Na początek życzę wszystkim Czytelnikom dużo zdrowia oraz wszelkiej pomyślności w nowym, 2014 roku.

Tym razem będzie o rozmaitych wynalazkach o których już pisałem ale które wywołały ciekawe reakcje u osób stosujących.

Wino lawendowe – na znajomą podziałało silnie nasennie. Po wypiciu przysnęła przy wigilijnym stole. Takie działanie jest nietypowe. Owszem wino lawendowe według przepisu, który podawałem – ułatwia trawienie, działa rzokurczająco i łagodnie uspokajająco ale tak silnie nasennie? Spotkałem się z tym po raz pierwszy.

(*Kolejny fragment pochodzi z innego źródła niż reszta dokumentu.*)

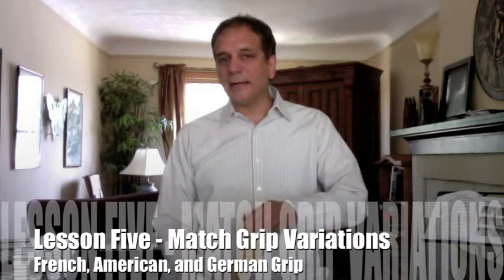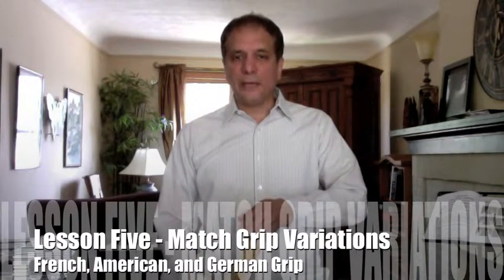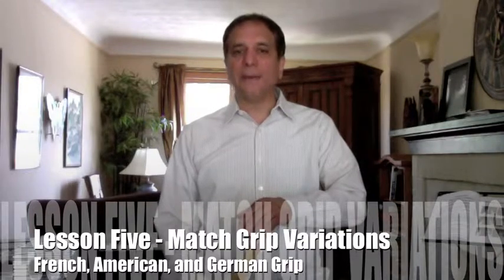Thank you for joining me on NickMackis.com. This is Lesson 5, Match Grip Variations for Percussion Guide for the Beginning Band Student. This lesson is a continuation of our match grip lesson from Lesson 4.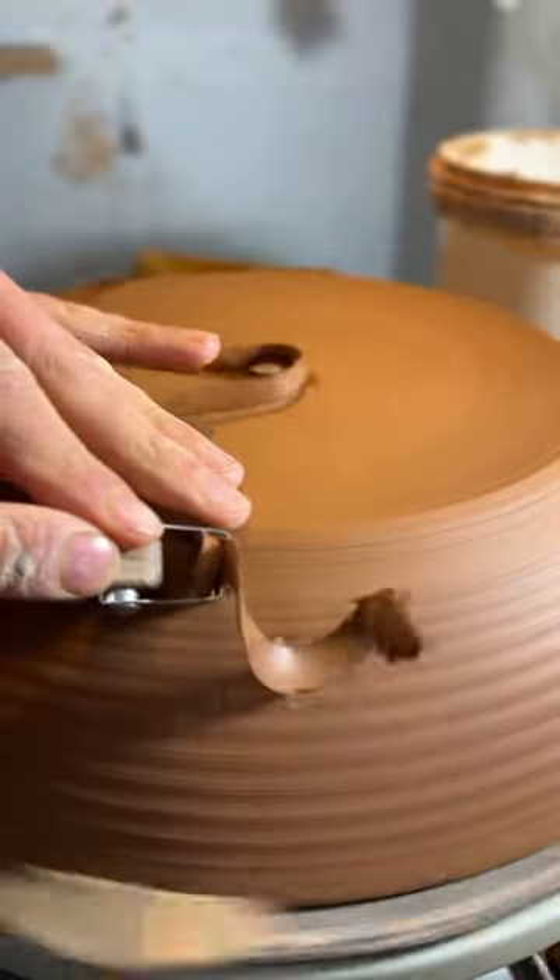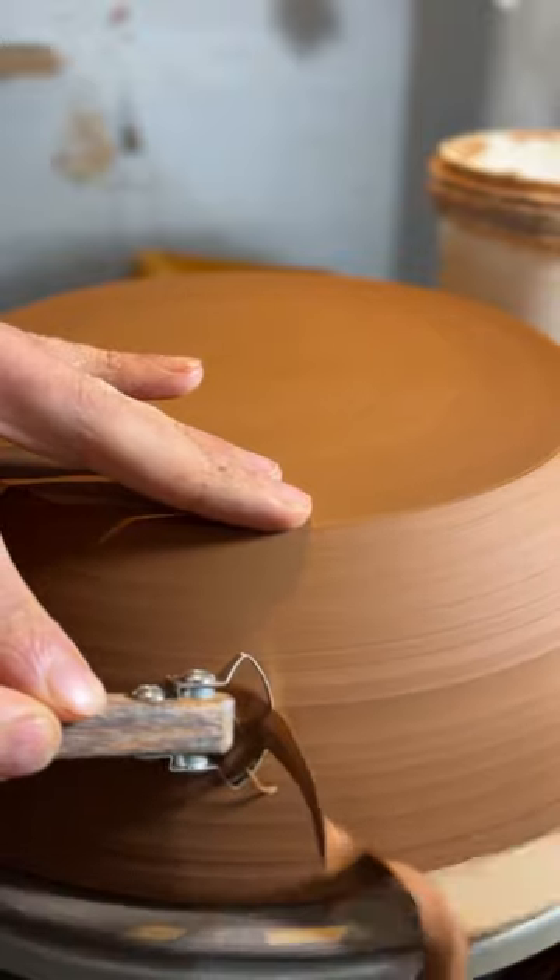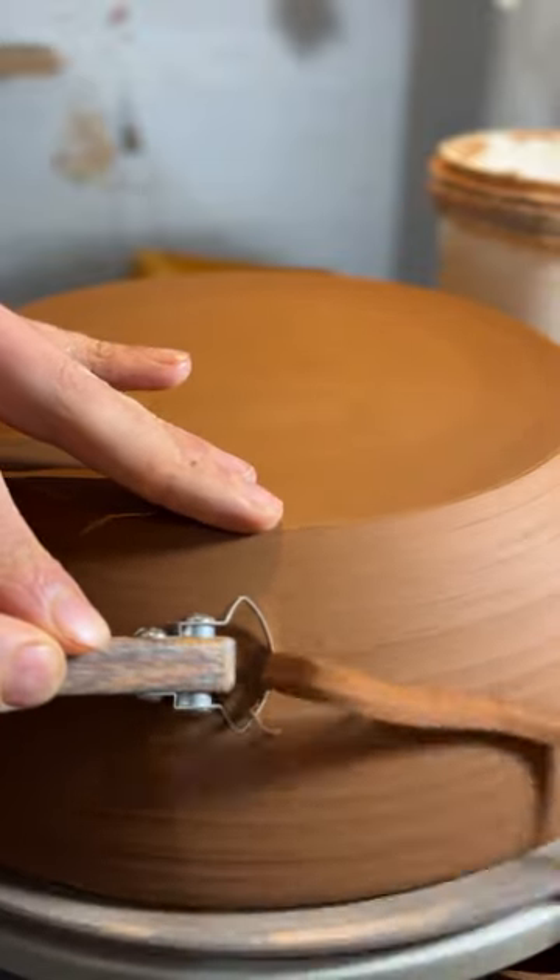My favorite part of pottery by far has to be trimming. I love watching the clay ribbon shoot off the clay, especially if you're using some sharp tools. It makes the process so much easier.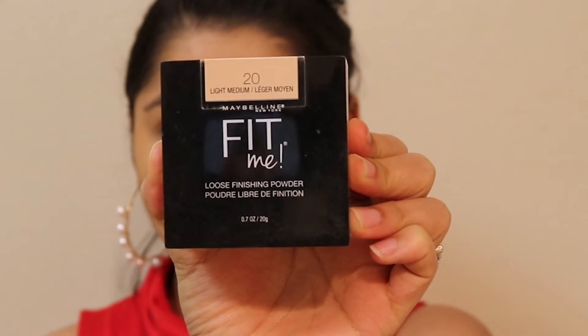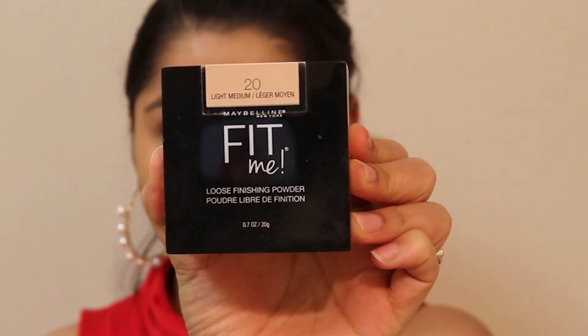I'm taking the Fit Me loose powder from Maybelline — one of my favorite products — and slowly applying it with a damp beauty blender.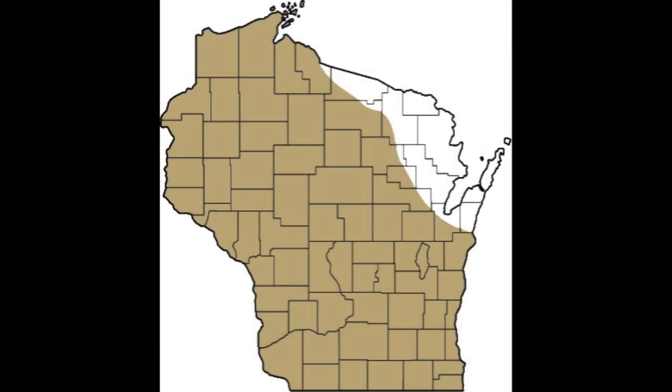The Boreal Chorus Frog may be found throughout Wisconsin, except for the northeast portion of the state.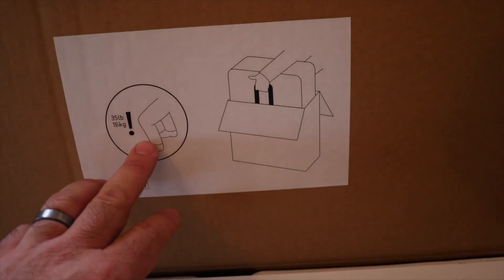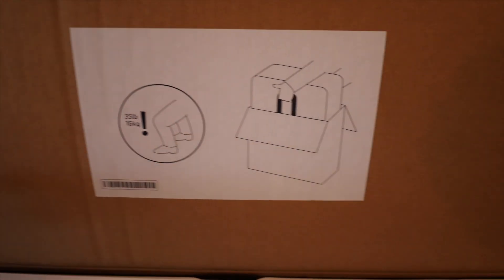I got the sub as a refurbished sale. One of my Play Ones is refurbished also and I've had no issues with it — it's been awesome. So I thought I'd give this a try. Let's set it up. It's heavy, so lift with your legs.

Nalewka propolisowa – zgłosił się do naszej Zielarni Pacjent, który po posmarowaniu się na przedramieniu (w celu zaleczenia a raczej zdezynfekowania głębokiego rozcięcia) dostał silnego uczulenie w wyniku którego na przedramieniu pojawiły się bąble przypominające uczulenie. To tylko kolejny dowód na to, jak silnym preparatem jest nalewka z propolisu i jak ostrożnie należy się z nią obchodzić.

Nalewka z eleuterokoka – na jednego z Pacjentów podziałała silnie hipotensyjnie, co jest działaniem – w tym konkretnym przypadku – bardzo rzadkim. Działą pobudzająco, odpornościowo. Znam sobę, która pijąc tylko łyżkę dziennie funkcjonowała „na wysokich obrotach” do wieczora i miała problemy z zasypianiem. To również działąnie nietypowe. Jak widać, może się również zdażyć oddziaływanie „w drugą stronę”.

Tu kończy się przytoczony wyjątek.